It was Charles and not the Crown that was the problem for the Stanleys and Parliament, since a king was back on the throne very soon with Charles II. The Stanleys were perfectly satisfied to have a king front them, as long as that king did what he was told.
So the idea this was all about replacing a monarchy with a fairer from of government obviously doesn't fly. Neither Cromwell nor anyone else ever cared about making the government more representative of the people, and Cromwell soon became a dictator anyway.
So Parliament apparently never had any problem with the monarchy as such. The problem was always that Charles, under the tutelage of Buckingham, had chosen his Plantagenet side over his “Tudor” side, refusing direct orders from the Stanleys.
That couldn't be allowed, because the Stanleys knew it would end up with the country backsliding into Catholicism, which would allow Rome back into the country.
Of course this leads us back to Mary I Tudor, who tried to do just that. Why did the Stanleys allow it?

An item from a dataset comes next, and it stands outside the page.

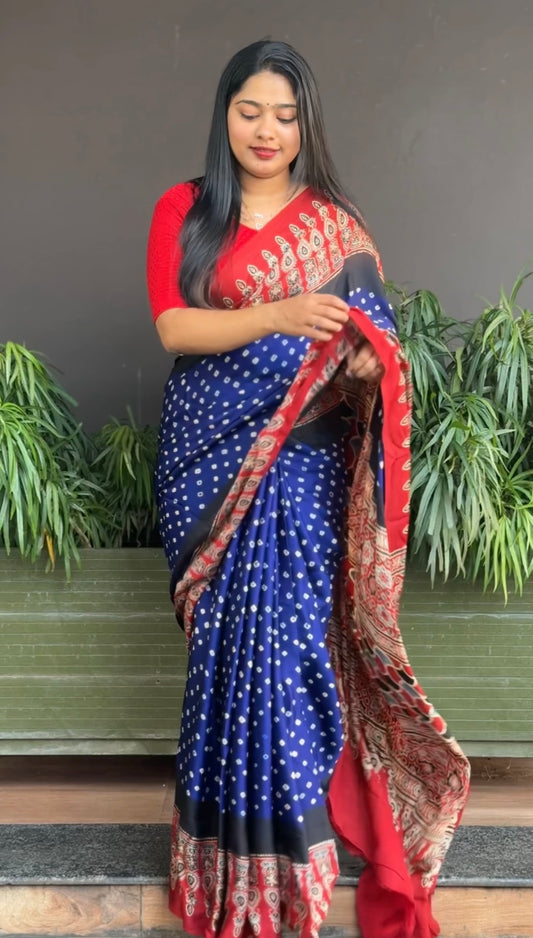 Premium Bandhani Modal Silk Saree with Ajrakh Pallu A1740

Well, they didn't allow it: they did everything they could to prevent it, including trying to put Lady Jane Grey on the throne instead.
But the problems of Henry VIII in siring a son put them over a barrel. The death of Edward VI at age 15 was like a stake through their hearts. Even worse was Mary's marriage to Philip and the alliance with Spain.
And when the Emperor Charles V ceded the Kingdom of Jerusalem to Philip, making Mary Queen of Jerusalem as well, the Stanleys' worst nightmare came true. Fortunately, Mary was young and stupid and Philip wasn't apprised of the deep politics of England.
Mary didn't realize who was really behind the Grey plot, and at first she executed only Dudley. After the Wyatt Rebellion a few months later, she also executed Grey, her family, Dudley's family, and allegedly and eventually Cranmer.
But she still missed the main players, since these trials were actually chaired by Thomas Stanley, Earl of Derby, and John Bourchier, Earl of Bath. Those two were the top conspirators against her, so she had let the fox back into the henhouse.
She should have executed all of Edward's Privy Counsellors, but she didn't. And her new Chancellor Gardiner was no help, though he must have known the lay of the land. He had been imprisoned in the Tower by that Privy Council, so he should have known them for who they were.
Did they pay him off? They must have, since I can't find any other way to explain it. He was still considered too dangerous, paid or no, and he conveniently “died” the next year, 1555, possibly poisoned, but probably just banished to France or somewhere.
Mary didn't last too long, either, ruling for only five years and dying mysteriously at age 42. Also mysterious is that all her pregnancies weirdly came to nothing, not even miscarriages. We are told they were false pregnancies, but that is highly unlikely.
More likely is that she was being poisoned, killing her fetuses, and finally succumbed to it herself in 1558. Her mainstream bio confirms that suspicion, since it so markedly fails to ask any questions, treating a death at age 42 as completely normal.
Her bio reads like it is still being controlled by Stanleys to this day. Go read it yourself if you don't believe me.
There is another possibility, and that is that Mary Tudor didn't die at all. The Stanleys had been running plots against her all along, and maybe one of them finally succeeded. Maybe that plot was to fake her death while Philip was away, bundling her off to Germany or Poland.
You will say this would be impossible, but Philip cared very little for her, especially after she had failed to produce a son for him for five years, and the Stanleys probably figured he wouldn't look too hard for her.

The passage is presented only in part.